Task to complete = Only the lines from the one that includes "Glotoch 84000 (84K)" through the last line below belong in the reply, copied exactly and without pictures.
*** Opening of Collected data ***
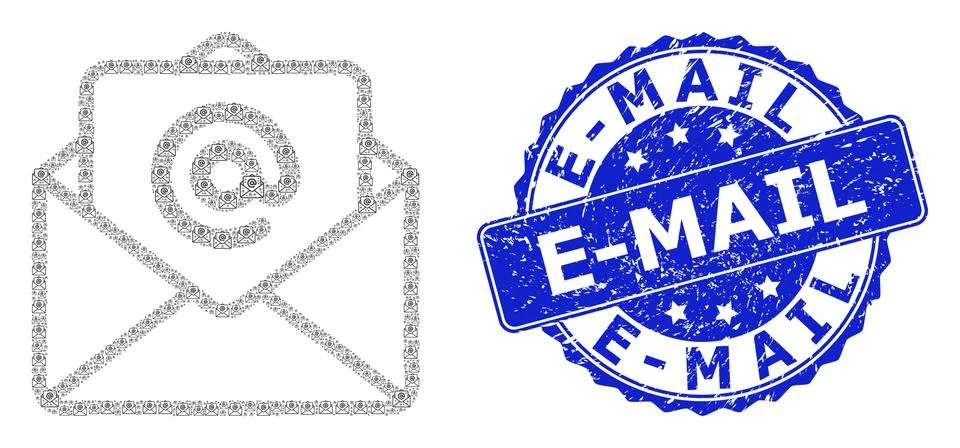Distress E-Mail Round Seal Stamp and Recursive Open E-Mail Icon Collage Stock Illustration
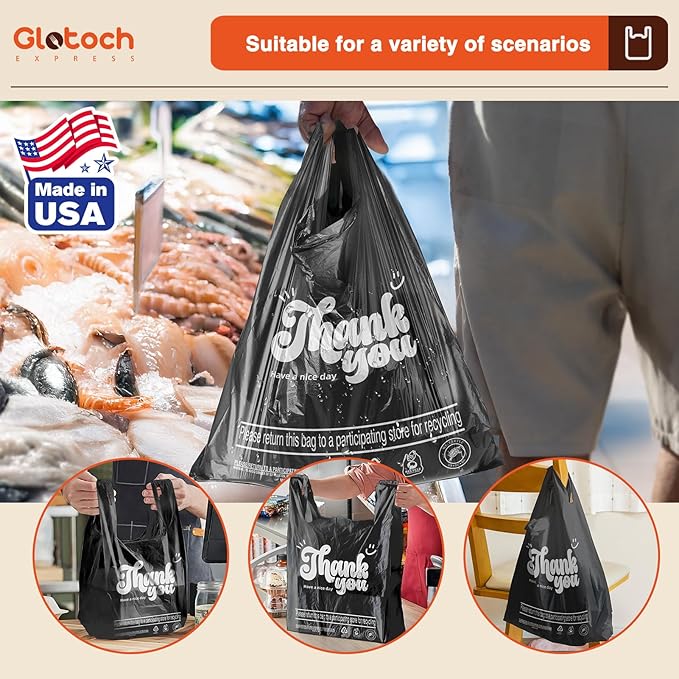 Glotoch 84000 (84K) Count Black Plastic Thank You T-shirt Bags (Pallet Package) in Bulk for Small Business, Grocery Shopping Bag with Handles for Restaurant, Retail, Togo, Takeout, Convenience Stores
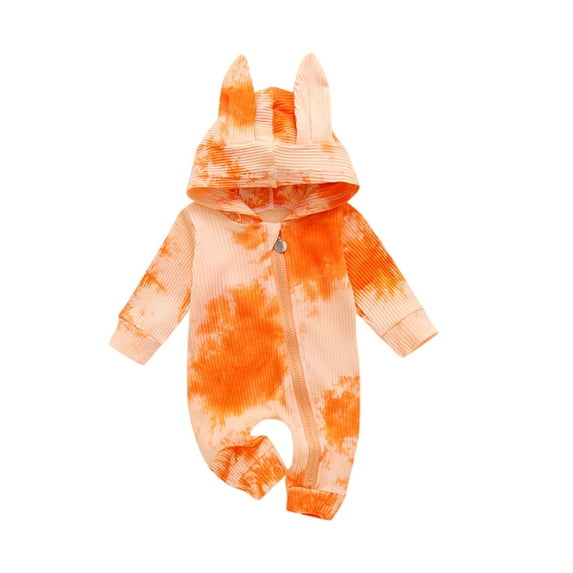 Fesfesfes Newborn Bodysuit Infant Baby Girls Boys Tie Dye Print Romper Hoodie Jumpsuit Sets Summer Saving Clearance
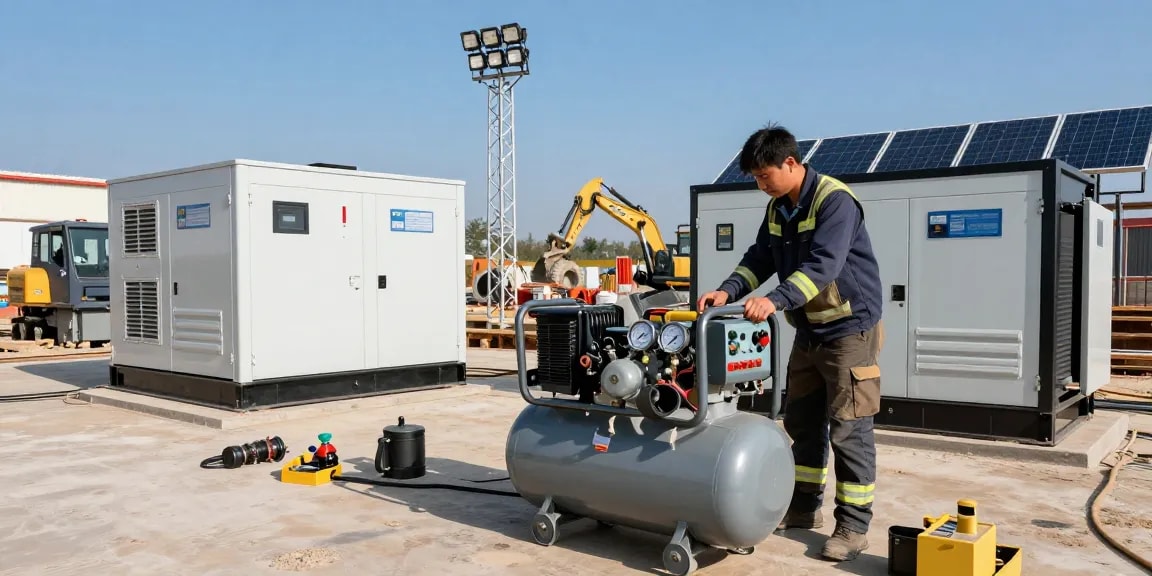 Technician inspecting portable air compressor for efficient power generation solutions at a construction site.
*** Close of Collected data ***
Exercise solution =
 Glotoch 84000 (84K) Count Black Plastic Thank You T-shirt Bags (Pallet Package) in Bulk for Small Business, Grocery Shopping Bag with Handles for Restaurant, Retail, Togo, Takeout, Convenience Stores
 Fesfesfes Newborn Bodysuit Infant Baby Girls Boys Tie Dye Print Romper Hoodie Jumpsuit Sets Summer Saving Clearance
 Technician inspecting portable air compressor for efficient power generation solutions at a construction site.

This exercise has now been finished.